I attended a webinar last week on Rural Entreprenurial Development Systems or “EDS”s.
It showcases a report funded by the Kellog Foundation and describes a three-year project to work with six sites on creating “Entrepreneurial Development Systems”. The report summaries those experiences and draws lessons on structure and strategy. The webinar introduced the concepts and had presentations from two of the EDS participants.
For this study an EDS should aim to create three key situations:
- a pipeline of entrepreneurs
- a system of support
- a culture of entrepreneurship
These precepts rang familiar to me from a report my friend Mina Yoo did in 2006 with folks from the University of Washington Business and Economic Development Center: Regional Economic Development for the North Central Washington Region. That was my first exposure to the idea that entrepreneurship is a bit of a mindset that can be supported by a local culture – things like emphasizing calculated risk-taking and acceptance of failure. How? In the kinds of stories reported in the local papers, or examples discussed in education and training programs. They also suggested identifying success stories and recognizing them at a community level; and building a culture that embraces newcomers and takes advantage of what knowledge and outside resources they can bring. The UW group posited culture as a foundation that the rest of entrepreneurial support builds on.
In the FIELD webinar we heard from John Parker who leads a project supported by the North Caroline Rural Development Center. They have defined a set of 5 Pillars of Support needed to build a supportive community for entrepreneurship. Their five pillars resonated with my experience in urban entrepreneurial development as well. They are:
- Education – teaching folks to make informed business decisions
- Technical Assistance – business services and information. I’ll categorize education as more towards the theory side and TA as more towards the practice side of business.

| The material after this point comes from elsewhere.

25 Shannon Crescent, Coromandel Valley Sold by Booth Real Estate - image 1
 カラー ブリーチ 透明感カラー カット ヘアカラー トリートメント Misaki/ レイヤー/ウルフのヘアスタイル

- Access to Capital – from a systems perspective an EDS should work to identify gaps, as well as educate entrepreneurs
- Access to Networks – help folks identify service providers, collaborators, mentors
- Leadership & Policy Development – again at a systems level, look at tax and regulatory policies and how they can support entrepreneurship.
The work being done in North Carolina is at a state level, working to connect many disparate systems and services. One comment that interested me: John reported that entrepreneurs are often shy about asking these resources for what they need. He said they emphasize to these owners that such services are provided with their tax dollars, so they certainly have a right to use them!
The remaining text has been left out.